O miejsce na stażu w barcelońskiej pracowni Jordiego Bordasa zabiegają cukiernicy z całej Europy. W 2011 r. Katalończyk opracował autorską metodę tworzenia receptur, tzw. B-concept. Przygotowuje lżejsze i zdrowsze odpowiedniki tradycyjnych przepisów, wydobywając przy tym główne smaki.
- Cukiernictwo często porównywane jest do aptekarstwa albo chemii. Tu też mamy odważanie składników, a dzięki zachodzącym między nimi reakcjom osiągamy określony efekt.

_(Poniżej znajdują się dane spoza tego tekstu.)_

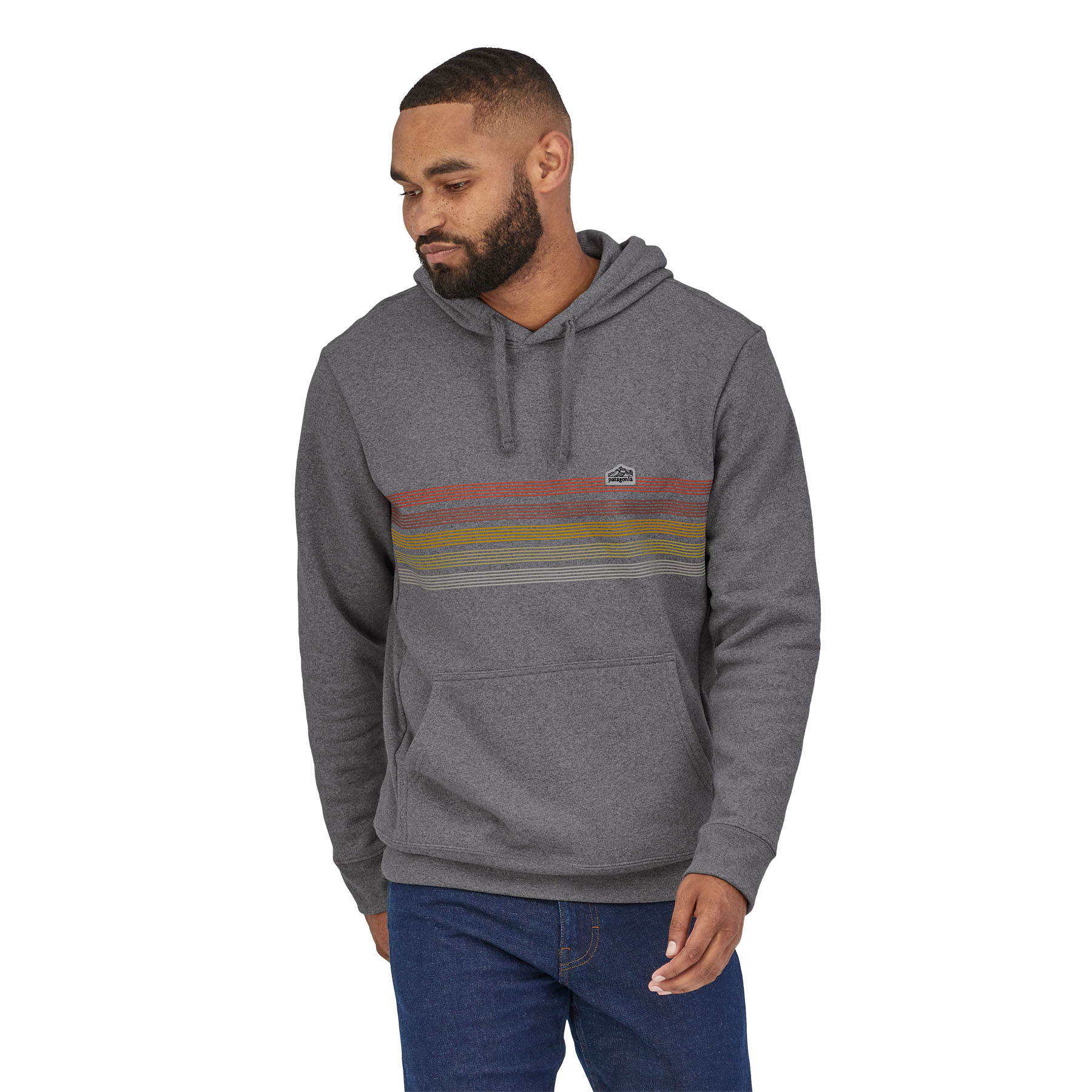 Line Logo Ridge Stripe Uprisal Hoody (gravel heather) Line Logo Ridge Stripe Uprisal Hoody (gravel heather)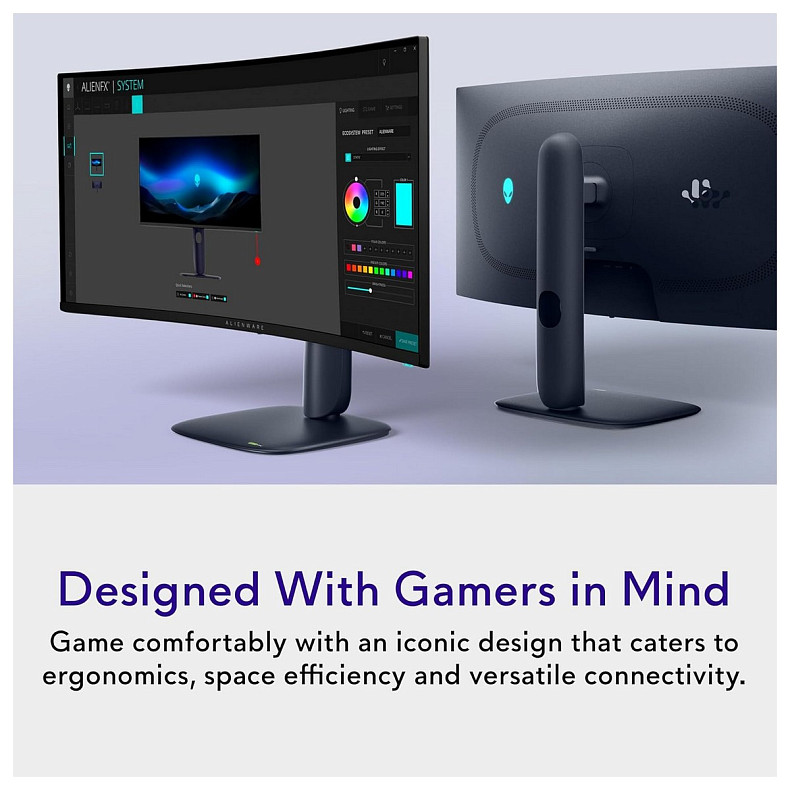 Монитор DELL 34" AW3425DW 2xHDMI, DP, USB, QD-OLED, 3440x1440, 21:9, 240Hz, 0.03ms, DCI-P3 99.3%, CU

Jordi, zmieniając klasyczne receptury, używa w swojej pracy głównie matematyki - mówi Adrianna Jaworska, cukiernik, obecnie na stażu u Bordasa.
Opowiada, że tworzenie receptury Katalończyk zawsze zaczyna od kalkulatora i tabel z danymi poszczególnych składników.
- To m.in. obliczanie proporcji pomiędzy suchymi a mokrymi składnikami, mierzenie aktywności wody w produktach spożywczych czy poziomu słodkości różnych rodzajów cukru - mówi Jaworska.
Patryk Szczepański, cukiernik, właściciel firmy Pure Sugar, nawet o porażkach w cukiernictwie najchętniej opowiada za pomocą liczb.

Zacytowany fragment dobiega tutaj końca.